1. LLC with S Corp Election
2. Differences Between LLCs and S Corporations
3. Taxation for LLCs and S Corporations
4. How to Set Up an S Corporation

LLC with S Corp Election

LLC with S corp election refers to when a limited liability company (LLC) chooses to be considered as an S corporation (S corp), which can offer distinct tax advantages.

The LLC is the newest business form, with a high advantage in flexibility where taxes are concerned. When one is running an LLC, they can be taxed in several ways, which allows them to save money both in their business and as their owner. That said, LLCs tend to remain with the default tax form, and some find electing the S corp status can be more advantageous still.

Differences Between LLCs and S Corporations

LLCs and S corps are two of the most common small business legal structures, and many entrepreneurs struggle with which form best suits their needs, as both have their advantages.

For instance, both LLCs and S corps are not taxed for their profits—the taxes are passed on to the owner(s). Also, both forms give the owner(s) liability protection by separating them from their business. However, there are several key differences in advantages that must be highlighted.

LLC taxation advantages include:

  • Fewer state forms and filings, documentation requirements, and formal meetings.
  • Lower start-up costs.
  • More flexibility for profit and loss allocation amongst owners. Percentage of profit distribution can be raised and lowered as you see fit.

S corp taxation advantages include:

  • Greater flexibility in earning distribution to owners. Earnings can be divided into wages and salaries or into distributions, which are considered passive income.
  • FICA tax for Medicare and social security only applies to wages and salaries. (However, you must give yourself a reasonable salary: taking a $20,000 salary and $150,000 distribution is not allowed.)

Also, it should be noted that in an LLC the owner is not considered an employee for tax purposes, while in an S corp the owner is, so long as they perform more than minor duties. For this reason and others, a small business owner has much to consider.

Taxation for LLCs and S Corporations

One of the major differences between LLCs and S corps is how they are taxed. When it comes to LLC taxation, the following key qualities must be considered:

  • LLCs can choose to be taxed as C corps or S corps by filing an election document with the IRS. This makes the LLC the same as a corporation in the IRS’s eyes with the same tax requirements.
  • If no election is filed, LLCs are taxed as single-member or multi-member LLCs, in what is called the “default” status by the IRS.
  • Single-member LLCs are taxed as sole proprietorships, with the owner filing a Schedule C form.
  • Multi-member LLCs are taxed as partnerships.

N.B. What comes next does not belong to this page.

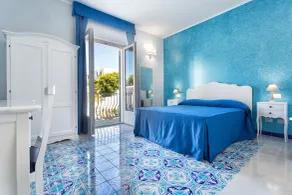 Odysseus Hotel - Room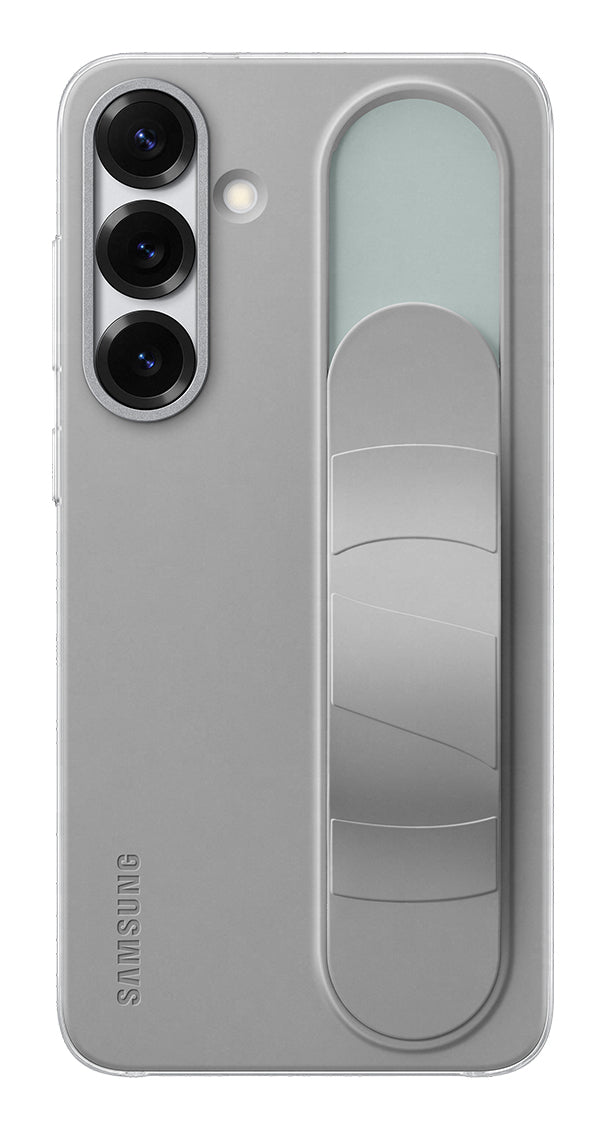 Samsung Backcover – für Samsung Galaxy S25 Ultra – grau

They file Form 1065, and individual partners file Schedule K-1 forms.

Meanwhile, for S corps, the following qualities apply:

  • S corps are considered pass-through entities, meaning losses and income pass through them to the owners in their personal tax returns.
  • S corps report income as deductions.
  • S corps file Form 1120S reporting yearly deductions, income, losses, profits, and tax credits.
  • A Schedule K-1 must be filed by shareholders listing their shares of items on Form 1120S.
  • S corp owners/employees are required to report S corp earnings on their Form 1040 and pay their share of Medicare taxes and social security as part of any employee salary they are paid.
  • S corps with larger circulation will not need to pay as high employment taxes.
  • S corps are required to withhold employment tax and federal income from the owner/employee’s pay, as well as pay federal and state unemployment taxes, Medicare taxes, and Social Security on the employee’s behalf.
  • S corps are the only form of business that allow owners to save on Medicare and Social Security taxes.

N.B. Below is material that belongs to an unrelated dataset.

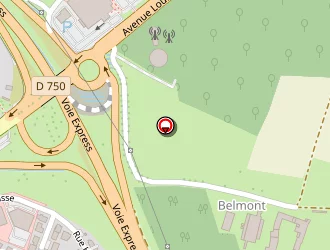 Carte de L-r Menuiserie à Royan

How to Set Up an S Corporation

If you decide that an S corp election is the best fit for your business, setting up an S corp is relatively simple. All you need to do is file Form 2553 with the IRS within 75 days of the date of your company’s incorporation. However, to elect S corp status, the following is required:

  • That there are no more than 100 shareholders.
  • That all shareholders are U.S. residents.
  • That all shareholders are individuals, not corporations or partnerships.
  • That the stock is of one class only.

If these criteria are met, then you may continue with the process. Then, once done, you will be able to enjoy all the benefits an S corp designation can bring to your business.